The flower-dealer eyed his customers with contemptuous speculation, seeing what had claimed their eyes. There was nothing new, the “mem” passed every day at this hour. She did no harm and no good. He, too, looked at her as she came closer, offering her paper to Alladiah Khan, a man impatient in his religion, who refused it, mumbling in his beard. With a gesture of appeal she pressed it on him, saying something. Then Alladiah's green turban shook, his beard, dyed red in Mecca, waggled; he raised his arm, and Laura in white astonishment darted from under it. They seldom did that.

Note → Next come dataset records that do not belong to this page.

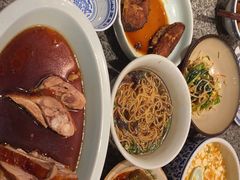 -南京大牌档(之心城店)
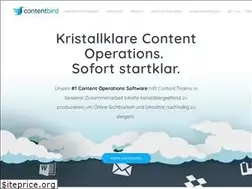 Sites similar to linkbird.com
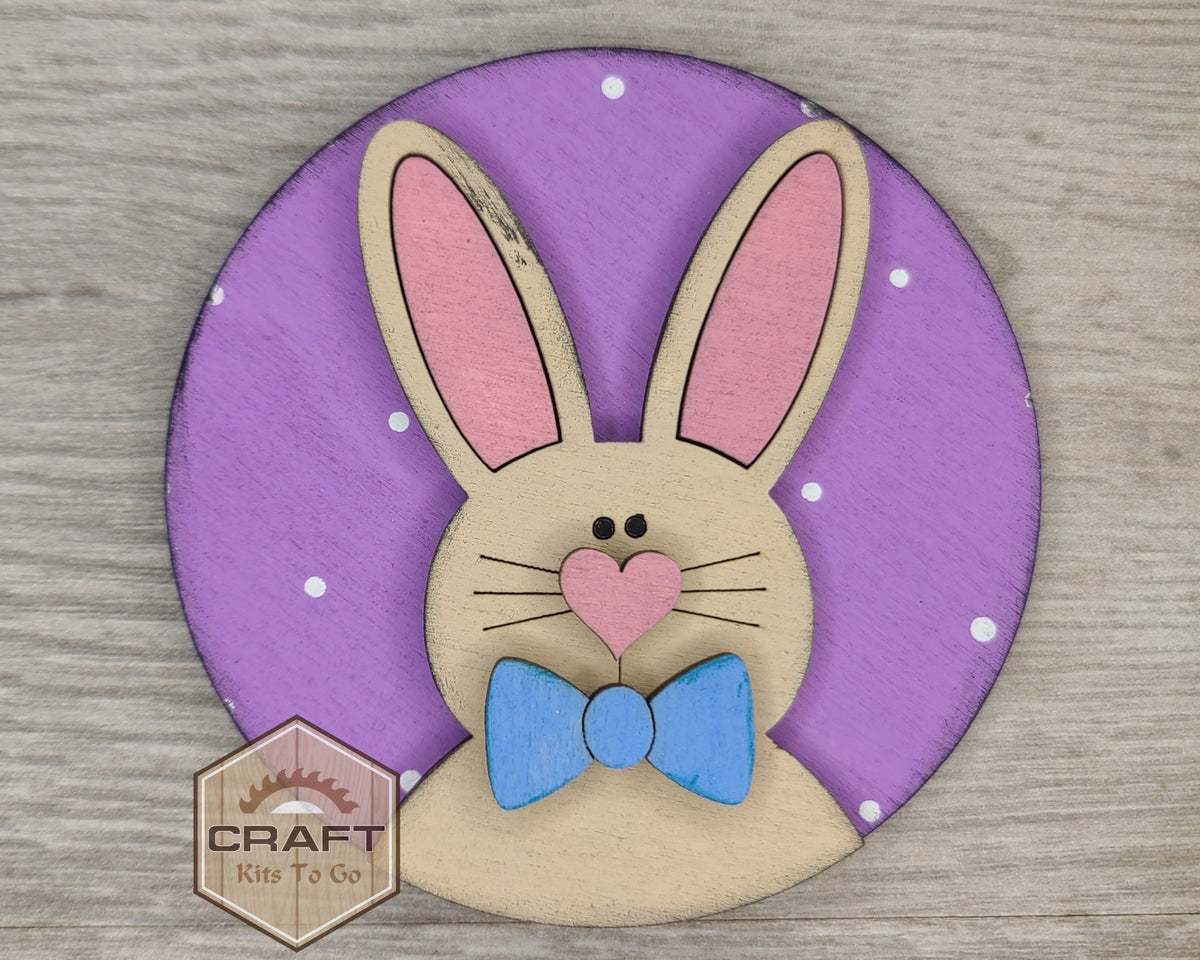 Easter Bunny | #4862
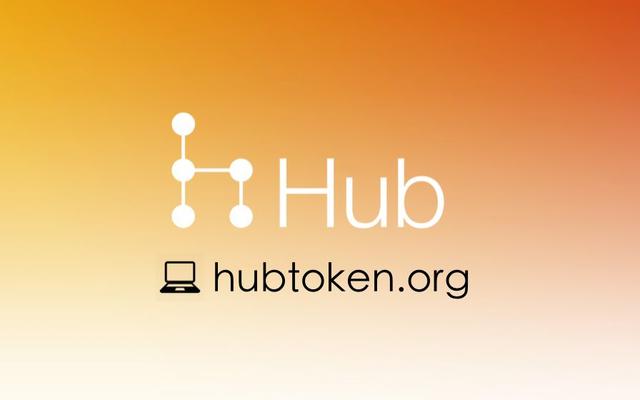ICOHub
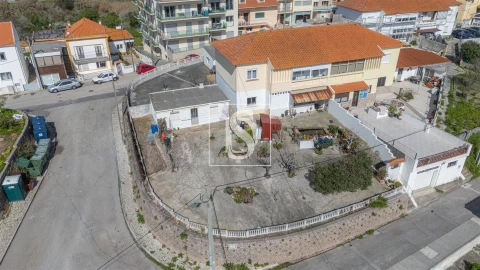 Apartamento T3 para Venda em Buarcos
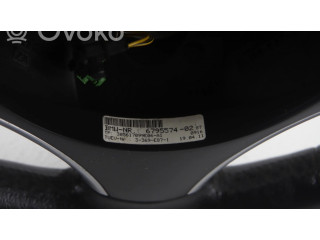 Руль BMW X1 E84 2009-2015 года 6795574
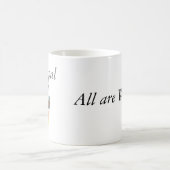 Iedereen is welkom in de Episcopaalse Mok (Center)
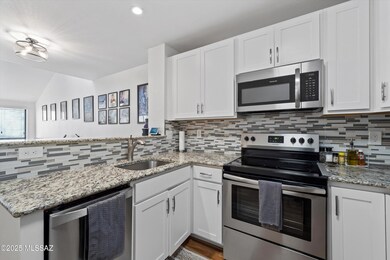 7615 E Callisto Cir unit 73, Tucson, AZ 85715 - photo 2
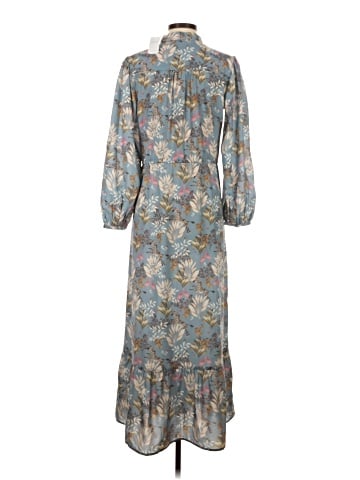 J. McLaughlin Casual Dress (view 2)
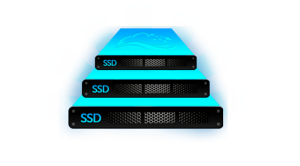 ssd hosting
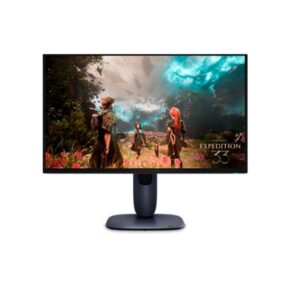 26.5″ Dell Alienware AW2725Q – Specs & Features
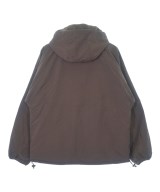 ALTUS（アルタス）ダウンジャケット/ダウンベスト 茶 サイズ:F メンズ/2200634460388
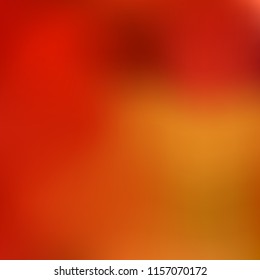 Color Mesh Background.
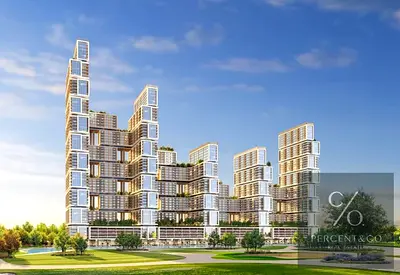 1BR | Sobha One | Prime Investment | Modern Living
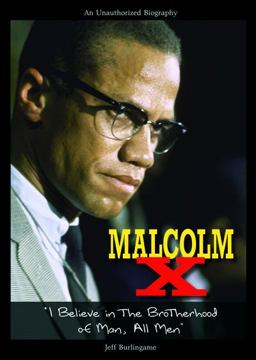 Malcolm X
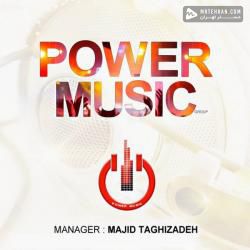 Hamid Asghari Power Music Party 6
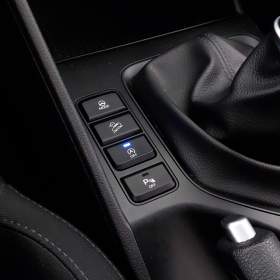 Foto inzerátu Hyundai Tucson 1.6 GDI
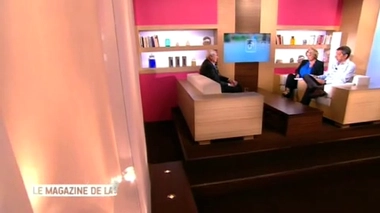 Entretien avec le Dr Pierre Foldès, chirurgien urologue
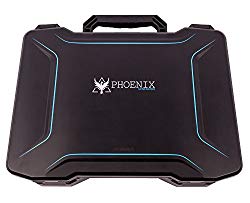 Renogy Phoenix Portable Generator All-in-one Solar Kit for Mobile, Off-grid Applications and Emergencies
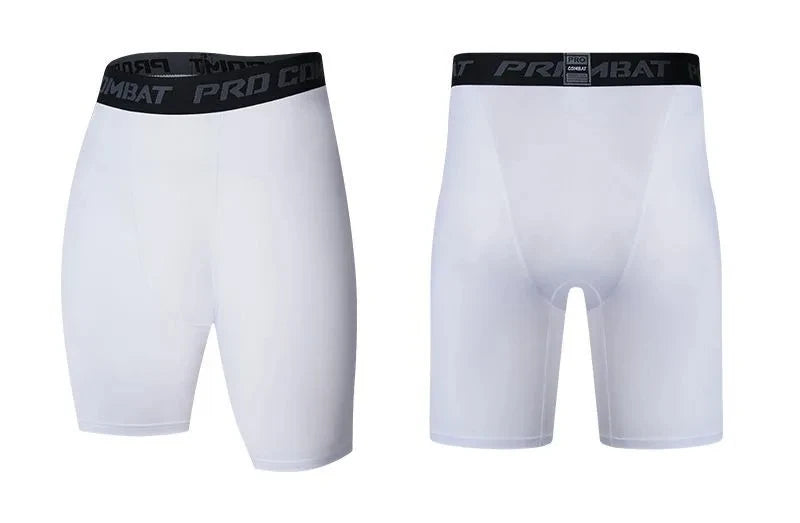 Men Boxers Sports Underwear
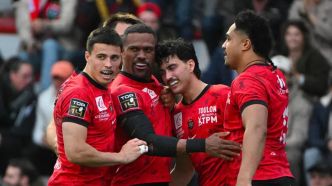 OFFICIEL : Un Toulonnais intègre le groupe France en Nouvelle-Zélande !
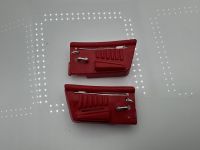 Mercedes 300 SL Cabrio T�rverkleidungen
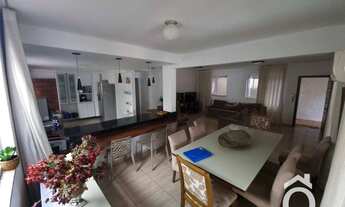 Imagem 6: Casa com 6 Quartos à venda, 480 m² por R$ 1.350.000 - Fernão Dias - Belo Horizonte/MG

Alicia caught at the stall table and clung to it, as Lindsay made his stride forward. She saw him twist his hand in the beard of Mecca and fling the man into the road; she was aware of a vague thankfulness that it ended there, as if she expected bloodshed. More plainly she saw the manner of Duff's coming back to the girl and the way in which, with a look of half-frightened satisfaction, Laura gave herself up to him. He was hurrying her away without a word. Her surrender was as absolute and final as if she had been one of those desirable things he said he wanted to buy. Alicia intercepted, as it were, the indignity of being forgotten, stepping up to them. “Take her home in the carriage,” she said to Duff, “and send it back for me. I shall be here a long time still—quite a long time.” She stared at Captain Filbert as she spoke, but made no answer to the “Good-morning! God bless you!” with which the girl perfunctorily addressed her. When they left her she looked down at the long-stemmed rose, the perfect one, and drove a thorn of it deep into her palm, as other creatures will sometimes hurt themselves more to suffer less. It was not in the least fantastic of her, for she was not aware that she still held it, but that was the only rose she brought away.